Search code examples
cudapycuda

Create arrays in shared memory w/o templates like in PyOpenCL


How can I create an array in shared memory without modifying the kernel using templates as seen in the official examples. Or is using templates the official way?

In PyOpenCL I can create an array in local memory with setting a kernel argument

kernel.set_arg(1,numpy.uint32(a_width))

... 
KERNEL_CODE = """
__kernel void matrixMul(__local float* A_temp,...)
    { ...} """

Solution

  • CUDA supports dynamic shared memory allocation at kernel run time, but the mechanism is a bit different to OpenCL. In the CUDA runtime API, a kernel using dynamically allocated/sized shared memory and the launch to size the memory uses the following syntax:

    __global__ void kernel(...)
    {
        extern __shared__ typename buffer[];
    
        ....
    }
    ....
    kernel <<< griddim, blockdim, sharedmem, streamID >>> (...)
    

    where sharedmem is the total number of bytes per block which will be allocated to buffer.

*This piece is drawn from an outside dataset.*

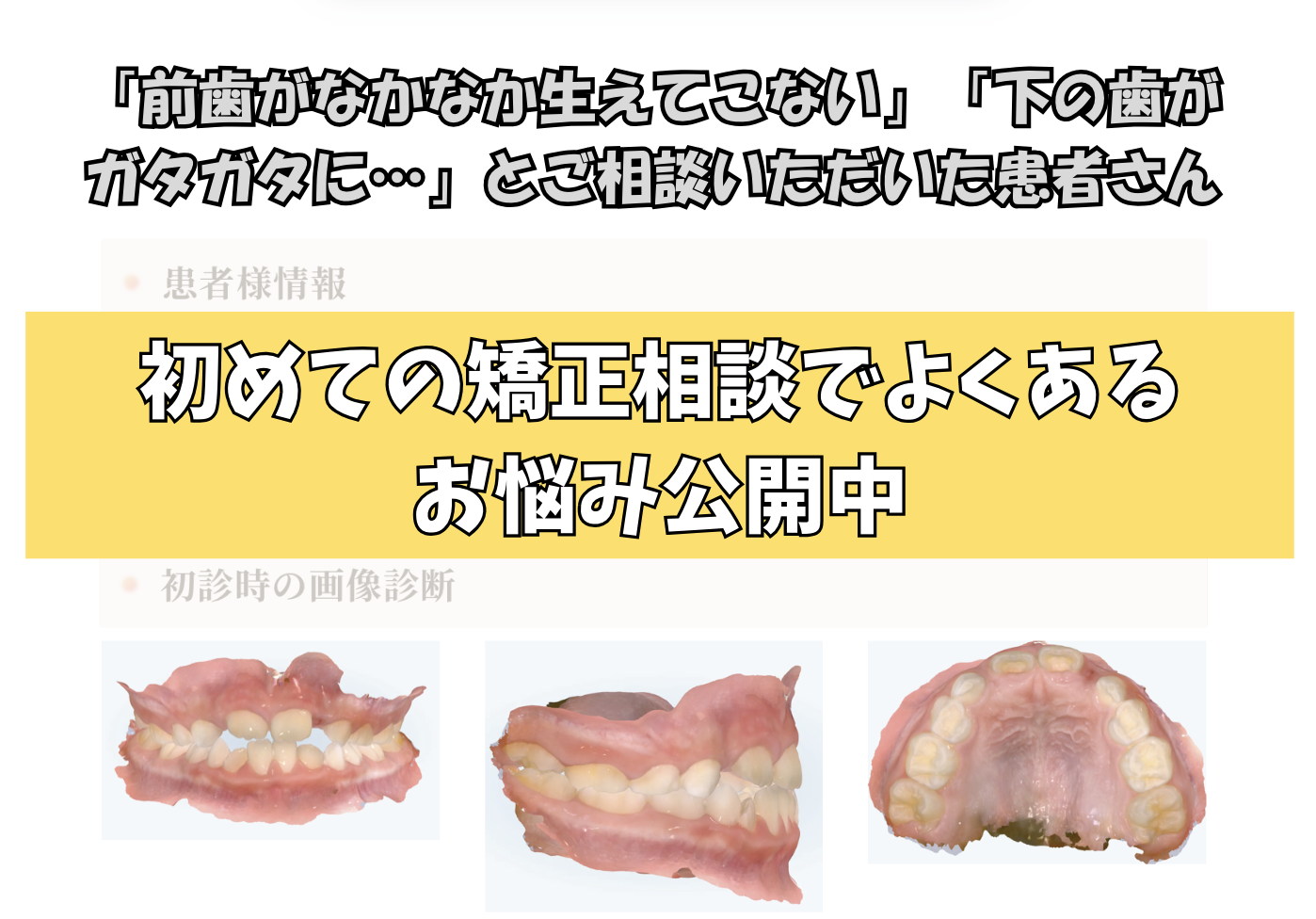 「前歯がなかなか生えてこない」「下の歯がガタガタに…」とご相談いただいたS.Yさん（7歳・男の子）のケース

    In PyCUDA, the same mechanism works something like this:

    mod = SourceModule("""
        __global__ void kernel(...)
        {
            extern __shared__ typename buffer[];
    
            ....
        }
      """)
    
    func = mod.get_function("kernel")
    func.prepare(..., shared=sharedmem)
    func.prepared_call(griddim,blockdim,...)
    

    with the shared memory allocation size passed to the prepare method.